Welcome to Ranger Gord’s Round-Up

Hello, Good Day, Welcome and Howdy!

Ranger Gord” is Gordon E. Tolton: historian, historical interpreter, author, and general all-around goofball – making the history of western Canada accessible to all.

I am a free lance author living in Coaldale, Alberta, a small town in western Canada, not far from the Montana-US border.

My specialties are the history of settlement: the fur trade, early farming, ranching and the organized farm movement, the North West and Royal Canadian Mounted Police, the North West Rebellion of 1885, and the political and military history of Canada and the United States.  Naturally, I’m a bit western in my scope, and somewhat in my lifestyle. Blame genetics. I was born this way.

Religiously, after a long hard think about the role of faith, and a walk in the wilderness, I follow the basic tenets of the United Church of Canada. I believe the world works the way it does for a reason BUT I have a long hard policy of sympathy for those who wish to follow their own path of belief or non-belief. Freedom of worship, or freedom from worship is a freedom that is not only mandated constitutionally, it’s also a right hard won by our ancestors. You don’t make yourself taller by stepping on someone else.

I am noted as the official problem with Alberta. Politically, I am pragmatic. If it works, I’ll be for it, If it doesn’t I’m against it. The building of a civil society depends on consensus, and hitting someone over the head is rarely a good policy in building alliances or good legislation. A good settlement is better than a bad judgement.

I care nothing for the color of one’s political underwear. If you want my vote, or my support, just don’t piss me off, represent me well, and we won’t have a problem.

Represent me badly, make bad policy and I promise you, I will be Very Hard to Get Along With. Emphasis intended. Politicians are temporary servants of the public trust. They can and will be replaced — and I tend to vote for the Least Undesirable candidate.

Always keep yourself in a position to be able to tell any one to go to hell.”
– George Lane, Alberta rancher

I won’t be wronged, I won’t be insulted, and I won’t be laid a hand on. I don’t do these things to other people and I require the same from them.” – John Wayne in “The Shootist”.

Having said all that, I’m really not all that hard to get along with. I might even be likable. That depends on you. Be good to me, I’m your pal. If you treat me wrong – put on your rain slicker. It’s about to get stormy.

My brain grows younger as my feet and knees age, but as it does, I write books, I like hot chili, cold snowy days, loud guns, quiet people, new computers, old trucks, slow horses, and fast tequila. In upcoming blogs, I hope to display the books I’ve written and published, and share some of my experiences and my adventures in documenting history.

2 thoughts on “Welcome to Ranger Gord’s Round-Up

  1. Just read your book Cowboy Cavalry .On going through the book I was surprised to find that my great great grandfather was in the cavalry .Is name was William J Patterson Trooper, Regt.#59’No 1Troop I wonder if you would have any other information on him.My great grand father rancher outside of Lethbridge and than ran one of tte slaughter houses.
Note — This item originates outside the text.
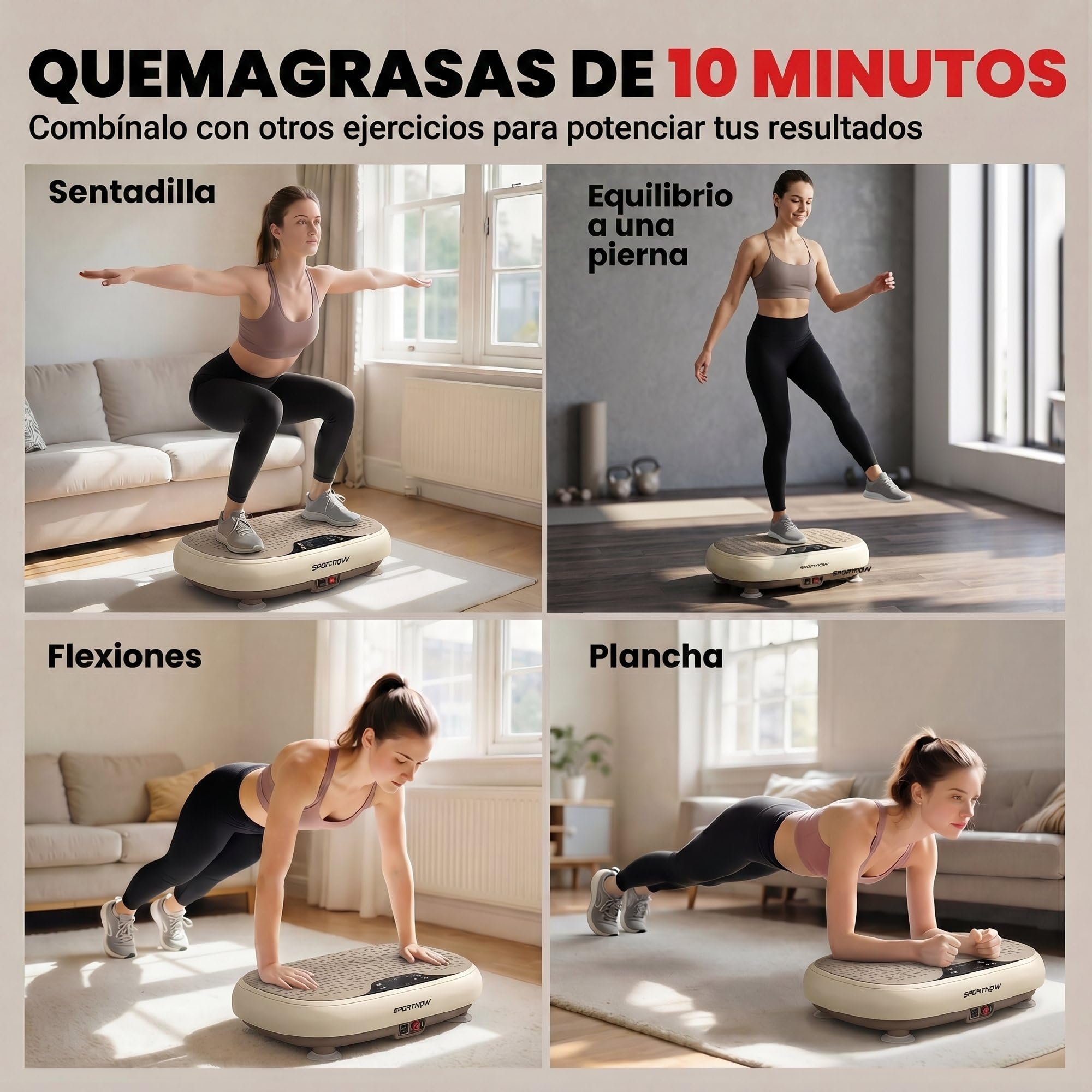 SPORTNOW Plataforma Vibratoria, 20 Velocidades, 3 Programas, Plataforma Vibración Muscular 150W con Pantalla LED, Mando a Distancia, Máquina para Hacer Ejercicio en Casa, Adelgazar, Drenaje Linfático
His name was Fred Hopkins I have a picture of him in 1890 with two natives and five other people.

    • Hi, Jim.

      Well, the sum total of what I know about W.J. Patterson was in the book, which I believe I got out of either Lethbridge Herald clippings or the book, Pemmican Cub Roundup. Without digging into the bottoms of filing cabinets, I can recall that he worked on the Circle Ranch at the mouth of the Little Bow near Turin. I got to W.J. circuitously by eliminating a man with a similar name, James Colon Patterson (the spelling might be different) who was both the foreman on the Walrond Ranch, and later the Dominion Livestock Inspector. I was never able to find out if the two were related, but J.C. was born at San Angelo, Texas, near Waco, and followed the herd drives to Miles City, Montana, and thence on into Alberta, and stayed on. He is buried in the Catholic section of the Macleod cemetery (the south end). Fred Hopkins doesn’t ring any immediate bells with me.

      Thanks for the read, and the note.